(Records drawn from a dataset)
=== Begin Enclosure ===

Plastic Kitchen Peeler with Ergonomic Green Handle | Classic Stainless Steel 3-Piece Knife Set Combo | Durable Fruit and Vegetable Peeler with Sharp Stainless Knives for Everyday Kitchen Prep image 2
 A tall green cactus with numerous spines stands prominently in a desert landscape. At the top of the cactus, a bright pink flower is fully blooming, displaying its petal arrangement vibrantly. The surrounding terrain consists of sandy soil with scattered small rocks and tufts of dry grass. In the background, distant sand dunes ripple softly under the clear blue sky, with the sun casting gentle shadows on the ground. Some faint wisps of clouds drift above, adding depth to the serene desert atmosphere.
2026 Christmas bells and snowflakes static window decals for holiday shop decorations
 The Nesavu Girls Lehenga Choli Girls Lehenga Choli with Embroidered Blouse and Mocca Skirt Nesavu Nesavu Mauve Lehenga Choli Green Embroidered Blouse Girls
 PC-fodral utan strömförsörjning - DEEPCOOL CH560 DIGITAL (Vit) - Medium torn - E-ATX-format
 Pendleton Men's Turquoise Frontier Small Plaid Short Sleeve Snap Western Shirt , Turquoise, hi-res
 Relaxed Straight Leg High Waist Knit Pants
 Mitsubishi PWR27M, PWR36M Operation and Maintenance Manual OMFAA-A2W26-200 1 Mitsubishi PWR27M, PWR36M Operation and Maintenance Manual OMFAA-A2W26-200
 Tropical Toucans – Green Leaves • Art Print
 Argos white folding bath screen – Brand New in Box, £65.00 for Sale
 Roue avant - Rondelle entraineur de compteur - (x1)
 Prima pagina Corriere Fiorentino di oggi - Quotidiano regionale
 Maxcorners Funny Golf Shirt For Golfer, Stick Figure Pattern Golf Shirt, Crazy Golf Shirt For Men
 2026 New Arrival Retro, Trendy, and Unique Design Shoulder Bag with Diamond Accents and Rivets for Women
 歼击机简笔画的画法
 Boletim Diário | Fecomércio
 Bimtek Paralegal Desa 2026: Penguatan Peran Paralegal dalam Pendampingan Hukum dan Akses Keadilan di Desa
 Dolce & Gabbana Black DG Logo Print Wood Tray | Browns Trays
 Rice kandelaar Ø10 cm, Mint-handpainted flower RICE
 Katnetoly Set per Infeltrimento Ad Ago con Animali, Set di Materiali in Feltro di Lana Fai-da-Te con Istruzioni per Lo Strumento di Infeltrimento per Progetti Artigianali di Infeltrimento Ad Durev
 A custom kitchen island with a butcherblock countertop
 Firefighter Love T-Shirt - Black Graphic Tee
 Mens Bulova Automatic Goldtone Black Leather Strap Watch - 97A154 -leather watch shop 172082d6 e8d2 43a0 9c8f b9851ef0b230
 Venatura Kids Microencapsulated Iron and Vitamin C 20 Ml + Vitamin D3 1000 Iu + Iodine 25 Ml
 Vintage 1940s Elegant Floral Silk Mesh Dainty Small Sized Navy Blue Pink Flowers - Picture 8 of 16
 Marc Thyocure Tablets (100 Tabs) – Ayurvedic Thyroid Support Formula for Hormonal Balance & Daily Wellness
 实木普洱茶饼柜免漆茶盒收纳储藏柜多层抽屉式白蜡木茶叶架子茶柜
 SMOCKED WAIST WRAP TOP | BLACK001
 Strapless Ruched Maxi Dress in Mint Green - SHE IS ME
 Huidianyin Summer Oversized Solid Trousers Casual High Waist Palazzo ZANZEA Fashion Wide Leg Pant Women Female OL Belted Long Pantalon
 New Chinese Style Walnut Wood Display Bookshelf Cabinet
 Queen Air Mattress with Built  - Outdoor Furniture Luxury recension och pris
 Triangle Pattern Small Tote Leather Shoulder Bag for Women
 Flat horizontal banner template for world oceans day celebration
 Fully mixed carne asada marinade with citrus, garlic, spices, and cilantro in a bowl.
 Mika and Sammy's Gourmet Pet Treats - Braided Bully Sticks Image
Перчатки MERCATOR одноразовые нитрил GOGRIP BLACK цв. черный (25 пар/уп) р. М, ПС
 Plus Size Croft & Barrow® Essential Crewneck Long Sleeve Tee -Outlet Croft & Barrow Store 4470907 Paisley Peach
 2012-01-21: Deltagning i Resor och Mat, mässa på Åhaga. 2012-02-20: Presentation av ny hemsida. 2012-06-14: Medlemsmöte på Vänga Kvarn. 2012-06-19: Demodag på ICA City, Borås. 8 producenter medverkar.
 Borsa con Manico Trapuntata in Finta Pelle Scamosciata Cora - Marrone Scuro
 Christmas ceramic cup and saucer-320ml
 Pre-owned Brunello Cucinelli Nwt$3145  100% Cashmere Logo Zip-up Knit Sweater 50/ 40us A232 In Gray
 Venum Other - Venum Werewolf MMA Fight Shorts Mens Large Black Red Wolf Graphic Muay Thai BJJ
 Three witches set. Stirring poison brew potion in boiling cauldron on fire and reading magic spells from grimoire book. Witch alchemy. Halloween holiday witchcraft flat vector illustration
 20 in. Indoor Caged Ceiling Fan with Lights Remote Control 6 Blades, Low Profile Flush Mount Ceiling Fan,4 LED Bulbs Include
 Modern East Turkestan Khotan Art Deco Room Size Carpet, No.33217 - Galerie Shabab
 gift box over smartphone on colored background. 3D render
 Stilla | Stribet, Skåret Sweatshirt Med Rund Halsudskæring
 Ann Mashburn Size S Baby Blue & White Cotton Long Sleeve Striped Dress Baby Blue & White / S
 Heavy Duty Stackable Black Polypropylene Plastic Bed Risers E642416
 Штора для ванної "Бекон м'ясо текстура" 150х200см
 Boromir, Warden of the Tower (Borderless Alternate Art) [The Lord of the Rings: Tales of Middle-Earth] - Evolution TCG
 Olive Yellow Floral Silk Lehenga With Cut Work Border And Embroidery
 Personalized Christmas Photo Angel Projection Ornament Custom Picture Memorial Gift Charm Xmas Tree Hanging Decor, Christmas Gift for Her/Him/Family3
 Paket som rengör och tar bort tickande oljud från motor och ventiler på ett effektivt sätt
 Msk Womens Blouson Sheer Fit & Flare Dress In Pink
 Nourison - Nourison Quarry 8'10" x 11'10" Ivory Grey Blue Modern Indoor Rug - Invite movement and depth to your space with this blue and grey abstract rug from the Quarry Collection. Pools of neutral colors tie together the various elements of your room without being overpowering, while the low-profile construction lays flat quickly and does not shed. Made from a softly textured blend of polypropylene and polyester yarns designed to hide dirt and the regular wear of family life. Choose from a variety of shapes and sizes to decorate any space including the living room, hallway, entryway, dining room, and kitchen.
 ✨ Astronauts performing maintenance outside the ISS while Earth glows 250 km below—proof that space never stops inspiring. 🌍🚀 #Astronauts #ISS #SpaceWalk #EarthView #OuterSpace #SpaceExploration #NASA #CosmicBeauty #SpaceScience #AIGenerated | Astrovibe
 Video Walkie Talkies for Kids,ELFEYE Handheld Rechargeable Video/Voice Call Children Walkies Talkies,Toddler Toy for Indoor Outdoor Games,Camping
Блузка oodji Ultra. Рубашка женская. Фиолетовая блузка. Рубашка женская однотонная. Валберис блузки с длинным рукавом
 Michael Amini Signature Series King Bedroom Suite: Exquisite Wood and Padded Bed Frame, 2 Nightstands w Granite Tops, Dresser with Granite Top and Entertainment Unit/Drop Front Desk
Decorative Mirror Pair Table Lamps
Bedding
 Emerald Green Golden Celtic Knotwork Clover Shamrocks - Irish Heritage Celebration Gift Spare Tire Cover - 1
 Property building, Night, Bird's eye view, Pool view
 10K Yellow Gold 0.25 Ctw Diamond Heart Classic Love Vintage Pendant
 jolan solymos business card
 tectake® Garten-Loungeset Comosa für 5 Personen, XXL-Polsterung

=== End Enclosure ===

■ WORK ORDER
Find every line in the records above that holds the word "Diamond", and copy each one.

■ TASK RESULT
 2026 New Arrival Retro, Trendy, and Unique Design Shoulder Bag with Diamond Accents and Rivets for Women
 10K Yellow Gold 0.25 Ctw Diamond Heart Classic Love Vintage Pendant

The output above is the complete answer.